Nürtingen. Als Erklärung für sein Ansinnen, die Verabschiedung zu vertagen, verwies Heirich zu Beginn der Sitzung allgemein auf vorhergehende Gespräche mit dem Regierungspräsidium. Das wollten Vertreter einiger Fraktionen dann doch deutlicher in den Raum gestellt wissen. Dieter Braunmüller (Nürtinger Liste/Grüne) betonte: „Wir müssen doch offen sagen, dass wir den Haushalt nicht genehmigt bekommen und in den nächsten Jahren zig Millionen aus dem Investitionsprogramm streichen müssen, weshalb alles auf den Prüfstand muss.“
Heirich wollte den Zusammenhang so nicht sehen: „Es geht nicht um den Haushalt an sich, sondern um das Investitionsprogramm.“ Das wiederum wollte Thaddäus Kunzmann (CDU) so nicht stehen lassen: „Ich habe das so verstanden, dass auch der aktuelle Haushaltsplan zur Disposition steht, weil der Ausgleich zwischen Einnahmen und Ausgaben nicht stimmt.“
Tatsächlich wurde die Verwaltung vonseiten des Regierungspräsidiums per E-Mail in dieser Woche darüber informiert, dass eine Verschuldung auf rund 80 Millionen Euro bis zum Ende der Finanzplanung 2019 nicht genehmigt werden könne. Die Aufsichtsbehörde stellt diese enorme Neuverschuldung in Zusammenhang mit der Ertragsschwäche des Haushalts. Allein der Ergebnishaushalt, in dem zum Beispiel Personalkosten und Dienstleistungen als Ausgaben und Gewerbe- und Grundsteuereinnahmen ebenso wie Gebühren und auch Zuweisungen von Bund und Land als Einnahmen zu Buche schlagen, weist ein Minus von rund fünf Millionen Euro auf. Durch die Neuverschuldung für Investitionen im Finanzhaushalt würden Zinszahlungen erheblich steigen, das Minus würde sich jährlich summieren.

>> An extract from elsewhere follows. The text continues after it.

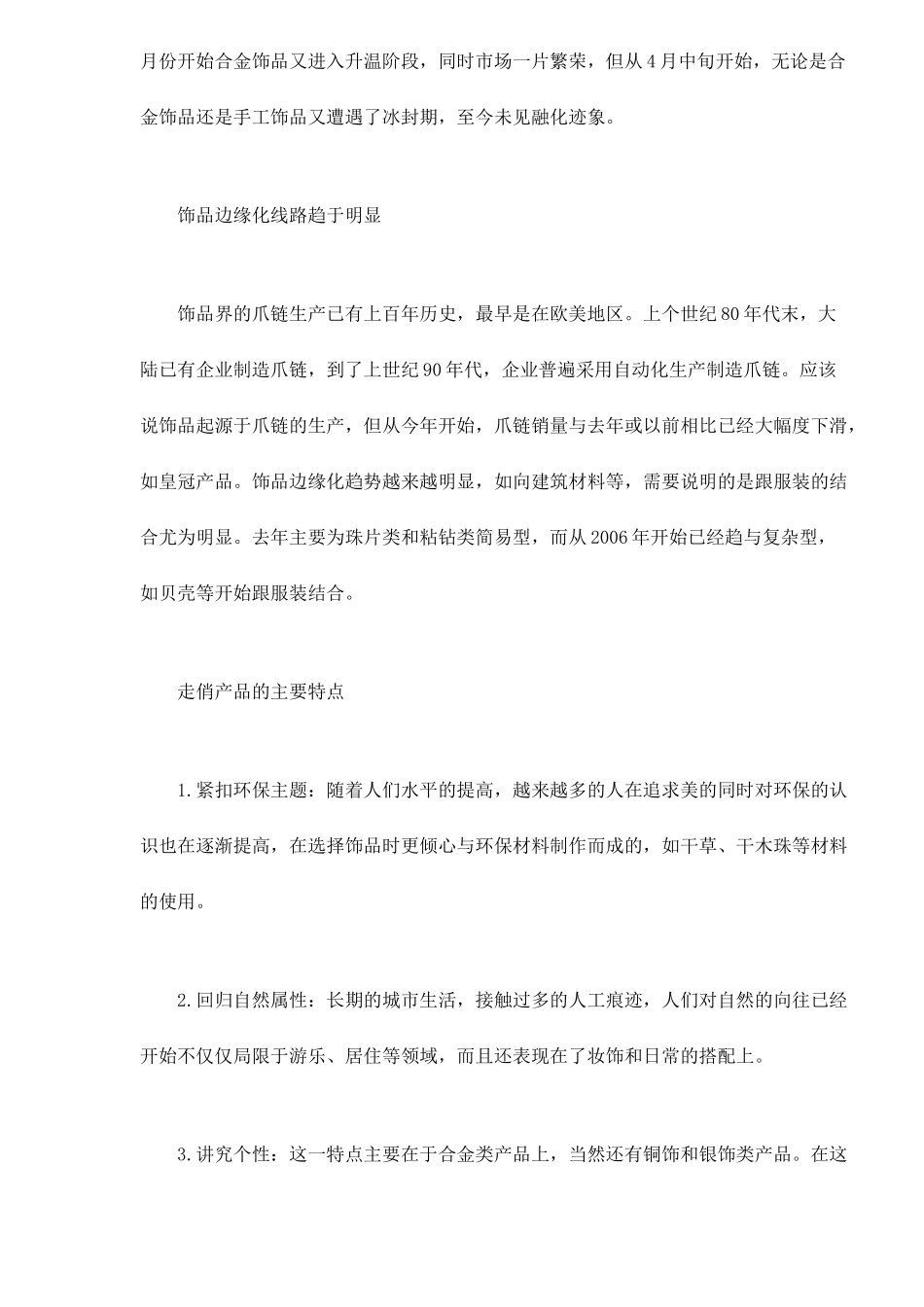 上半年饰品市场的运行分析_第2页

Deshalb, so die Mitteilung des Regierungspräsidiums, müsse das „exorbitante Ansteigen der Verschuldung“ mindestens auf 40 Millionen Euro halbiert werden. Außerdem müsse die Ertragskraft des Ergebnishaushaltes verbessert werden. Die rund zwei Millionen Euro, die der Gemeinderat bei seiner Sitzung vergangene Woche bei Investitionen für den Haushalt dieses Jahres eingespart hat, reichen der Aufsichtsbehörde offensichtlich nicht als sichtbares Zeichen, den Haushalt nachhaltig zu konsolidieren. „Es kommt schon mal vor, dass eine Kommune wegen besonderer Ereignisse beim Haushaltsausgleich in die roten Zahlen rutscht, doch das kann nicht dauerhaft der Fall sein“, bestätigte Rainer Heckhausen, der zuständige Referatsleiter beim Regierungspräsidium, auf Nachfrage. Der Haushalt müsse langfristig auf tragfähige Beine gestellt werden und das sehe man im Moment für Nürtingen nicht.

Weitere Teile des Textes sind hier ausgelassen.